## Try it
Starting at the first line, reproduce the listing below in full, exactly as given.

## Data in this exercise
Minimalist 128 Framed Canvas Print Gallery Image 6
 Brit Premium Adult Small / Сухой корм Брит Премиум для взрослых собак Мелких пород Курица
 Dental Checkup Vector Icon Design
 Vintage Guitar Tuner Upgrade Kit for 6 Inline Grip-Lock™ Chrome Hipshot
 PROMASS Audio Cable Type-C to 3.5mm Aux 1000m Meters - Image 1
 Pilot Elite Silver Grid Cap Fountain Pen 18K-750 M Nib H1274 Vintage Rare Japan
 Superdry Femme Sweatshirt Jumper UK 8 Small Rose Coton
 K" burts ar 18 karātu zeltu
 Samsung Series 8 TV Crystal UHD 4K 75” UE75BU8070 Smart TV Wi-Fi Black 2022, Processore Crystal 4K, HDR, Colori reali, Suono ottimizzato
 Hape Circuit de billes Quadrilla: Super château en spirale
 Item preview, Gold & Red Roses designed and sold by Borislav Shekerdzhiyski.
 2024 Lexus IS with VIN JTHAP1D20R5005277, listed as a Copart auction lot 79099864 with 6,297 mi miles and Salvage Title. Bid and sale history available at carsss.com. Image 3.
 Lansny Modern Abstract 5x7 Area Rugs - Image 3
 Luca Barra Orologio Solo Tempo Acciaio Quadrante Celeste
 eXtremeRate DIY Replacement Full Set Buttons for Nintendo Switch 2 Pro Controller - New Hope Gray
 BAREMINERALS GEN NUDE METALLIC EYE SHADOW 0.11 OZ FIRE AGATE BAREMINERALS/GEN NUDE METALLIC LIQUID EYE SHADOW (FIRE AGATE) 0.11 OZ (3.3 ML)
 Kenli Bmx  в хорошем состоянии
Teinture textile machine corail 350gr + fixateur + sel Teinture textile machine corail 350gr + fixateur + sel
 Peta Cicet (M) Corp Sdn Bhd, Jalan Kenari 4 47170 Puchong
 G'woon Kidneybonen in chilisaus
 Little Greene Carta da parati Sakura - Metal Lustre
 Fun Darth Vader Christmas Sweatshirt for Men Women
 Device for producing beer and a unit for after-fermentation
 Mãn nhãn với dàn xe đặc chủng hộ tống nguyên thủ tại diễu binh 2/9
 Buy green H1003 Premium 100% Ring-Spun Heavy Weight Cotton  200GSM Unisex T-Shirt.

## Reply to the task
Minimalist 128 Framed Canvas Print Gallery Image 6
 Brit Premium Adult Small / Сухой корм Брит Премиум для взрослых собак Мелких пород Курица
 Dental Checkup Vector Icon Design
 Vintage Guitar Tuner Upgrade Kit for 6 Inline Grip-Lock™ Chrome Hipshot
 PROMASS Audio Cable Type-C to 3.5mm Aux 1000m Meters - Image 1
 Pilot Elite Silver Grid Cap Fountain Pen 18K-750 M Nib H1274 Vintage Rare Japan
 Superdry Femme Sweatshirt Jumper UK 8 Small Rose Coton
 K" burts ar 18 karātu zeltu
 Samsung Series 8 TV Crystal UHD 4K 75” UE75BU8070 Smart TV Wi-Fi Black 2022, Processore Crystal 4K, HDR, Colori reali, Suono ottimizzato
 Hape Circuit de billes Quadrilla: Super château en spirale
 Item preview, Gold & Red Roses designed and sold by Borislav Shekerdzhiyski.
 2024 Lexus IS with VIN JTHAP1D20R5005277, listed as a Copart auction lot 79099864 with 6,297 mi miles and Salvage Title. Bid and sale history available at carsss.com. Image 3.
 Lansny Modern Abstract 5x7 Area Rugs - Image 3
 Luca Barra Orologio Solo Tempo Acciaio Quadrante Celeste
 eXtremeRate DIY Replacement Full Set Buttons for Nintendo Switch 2 Pro Controller - New Hope Gray
 BAREMINERALS GEN NUDE METALLIC EYE SHADOW 0.11 OZ FIRE AGATE BAREMINERALS/GEN NUDE METALLIC LIQUID EYE SHADOW (FIRE AGATE) 0.11 OZ (3.3 ML)
 Kenli Bmx  в хорошем состоянии
Teinture textile machine corail 350gr + fixateur + sel Teinture textile machine corail 350gr + fixateur + sel
 Peta Cicet (M) Corp Sdn Bhd, Jalan Kenari 4 47170 Puchong
 G'woon Kidneybonen in chilisaus
 Little Greene Carta da parati Sakura - Metal Lustre
 Fun Darth Vader Christmas Sweatshirt for Men Women
 Device for producing beer and a unit for after-fermentation
 Mãn nhãn với dàn xe đặc chủng hộ tống nguyên thủ tại diễu binh 2/9
 Buy green H1003 Premium 100% Ring-Spun Heavy Weight Cotton  200GSM Unisex T-Shirt.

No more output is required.